If you are trying to capture extra % on daily movements then level 2 is generally needed. For the short duration trades you mention, like 1-5 days, level 2 data might be a good idea but depends on the buy/sell criteria you are using and the stocks you are playing.


----------



## fstamand (Mar 24, 2015)

you can click on the "refresh" icon next to the stock when you're in quote mode. You'll get the 1sec refresh


----------



## Steve64 (Jun 28, 2016)

thanks , i'm not sure how to determine if i'll get my $ out of the mthly charge


----------



## scorpion_ca (Nov 3, 2014)

I think level 2 quote is required for gambler not for investor. I believe BMO offers free L2 quote as long as you have $250k or more in the account.


----------



## AltaRed (Jun 8, 2009)

scorpion_ca said:


> I think level 2 quote is required for gambler not for investor. I believe BMO offers free L2 quote as long as you have $250k or more in the account.

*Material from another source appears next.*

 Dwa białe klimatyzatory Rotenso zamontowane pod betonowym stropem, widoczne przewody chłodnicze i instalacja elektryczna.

Doesn't say Level 2 @ $250k here https://www.bmo.com/investorline/self-directed/5-star-vip-program/

Scotia iTrade does Level 2 with Flight Desk @ $250k https://www.scotiaitrade.com/en/dir...cotia-itrade-iclub/gold-iclub-membership.html

Corrected link


----------



## off.by.10 (Mar 16, 2014)

AltaRed said:


> Doesn't say Level 2 @ $250k here https://www.bmo.com/investorline/self-directed/5-star-vip-program/
> 
> Scotia iTrade does Level 2 with Flight Desk @ $250k https://www.bmo.com/investorline/self-directed/5-star-vip-program/


Yup, you get real-time quotes. Their basic quotes are delayed. See the note here.I haven't checked recently if that's still true.


----------



## AltaRed (Jun 8, 2009)

I corrected my prior post for the proper Scotia link. The link you provided says nothing about Level 2. Gold status does give one Market Pro Lite, but I don't use it and not sure what it all includes. Didn't bother once BMO IL took away Market Pro Trader for their re-configured status levels. 

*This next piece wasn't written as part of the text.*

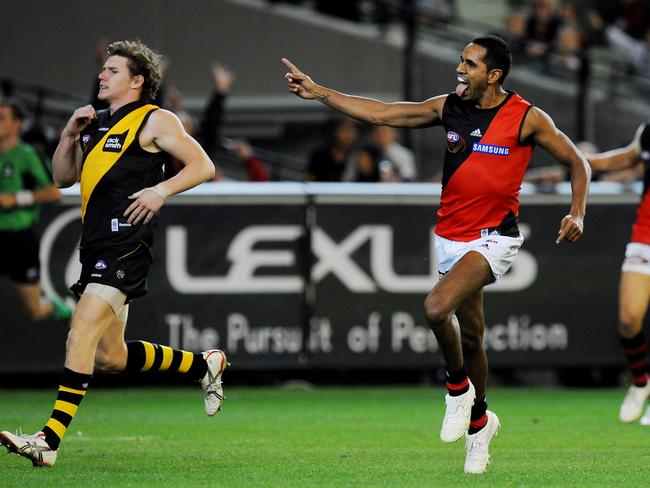 Dreamtime at the 'G. Essendon v Richmond. MCG. Andrew Lovett celebrates kicking a goal to put the Bombers in front in the 3rd quarter as Matthew White throws his head back in disgust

I use Scotia's Flight Desk real time Level 2 for all my trades in Scotia and BMO.

Added: Getting back to the OP, Level 2 is not really very important for small trades where there may be sufficient volume being offered at Bid or Ask to complete the trade at the price desired. I doubt it would be worth paying a significant price for. Good luck being a trader. You are going against computer generated trades, algorithms, etc.


----------



## scorpion_ca (Nov 3, 2014)

AltaRed said:


> Doesn't say Level 2 @ $250k here https://www.bmo.com/investorline/self-directed/5-star-vip-program/
> 
> Scotia iTrade does Level 2 with Flight Desk @ $250k https://www.scotiaitrade.com/en/dir...cotia-itrade-iclub/gold-iclub-membership.html
> 
> Corrected link


It seems that they have changed their plan.


----------



## AltaRed (Jun 8, 2009)

scorpion_ca said:


> It seems that they have changed their plan.

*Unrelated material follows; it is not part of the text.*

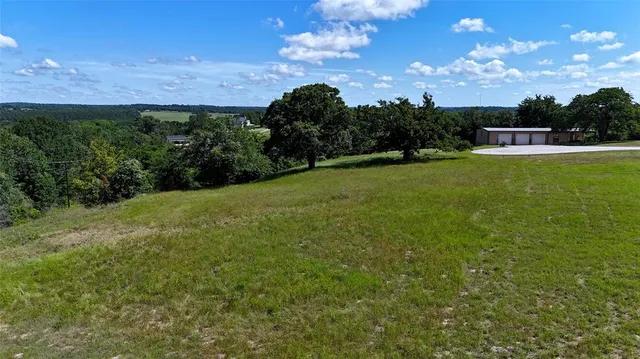 a view of a big yard with a house in the background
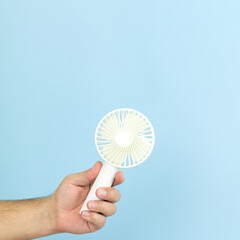 Man holding small portable usb fan close-up isolated on blue background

BMO did a wholesale revision to their 'levels' about April 1st of last year. They downgraded Gold, increased Platinum to $2M, took Market Pro Trader out of Gold and made it exclusive to Platinum. A lot of people lost Market Pro Trader and I think were royally pissed at it.


----------



## Rusty O'Toole (Feb 1, 2012)

TD Ameritrade gives me real time quotes and the Think or Swim platform for nothing, just a $5 commission on each trade. ToS is especially good for options but works for stock trading, charting etc.


----------